Hi,

We had 2 node Novell CLuster running with OES/Linux SP2 (SLES9 SP3).

Suddenly, only one node in the cluster is active ...I can only make one
node active at a time..If I try to make the other node (node B) join the
cluster, I get the foll. msg:

There was an error while joining the cluster
Error: "join/ already in progress"

The command "rcnovell-ncs status" on "node B" shows the status as "running"
Also "cluster status" comes up with blank reply..just nothing..

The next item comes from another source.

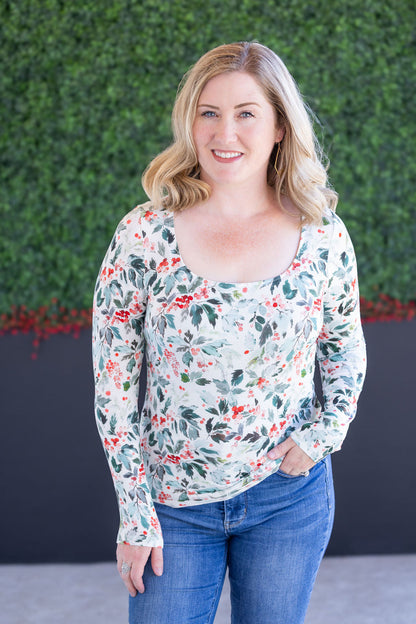 Michelle Mae Alyssa Long Sleeve Top - Winter Berry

I looked at /var/log/messages of Node B ..I see following excerpts:

++++++++++++++++++++++++++++++++++++++++++++++++
Sep 6 22:42:33 node_B kernel: Hangcheck: Stopped hangcheck timer.
Sep 6 22:42:33 node_B kernel: Hangcheck: starting hangcheck timer 0.9.0
(tick is 1 seconds, margin is 8 seconds).
Sep 6 22:42:33 node_B kernel: Hangcheck: Using monotonic_clock().
Sep 6 22:42:40 node_B kernel: Hangcheck: Stopped hangcheck timer.
+++++++++++++++++++++++++++++++++++++++++++++++++

If I issue "cluster view" command on Node_B, I get foll.
==>This node is not a member of a cluster

This behaviour flip-flops, meaning if I reboot node_A, then node_B takes
over but when node_A comes back up then it is exhibiting the same
problematic behaviour, thus node_A would not be able to join the cluster.

I rebooted both my nodes a few times to no avail...Still the results are
the same...


Any pointers or help will greatly be appreciated.

Thanks,
Dharmesh.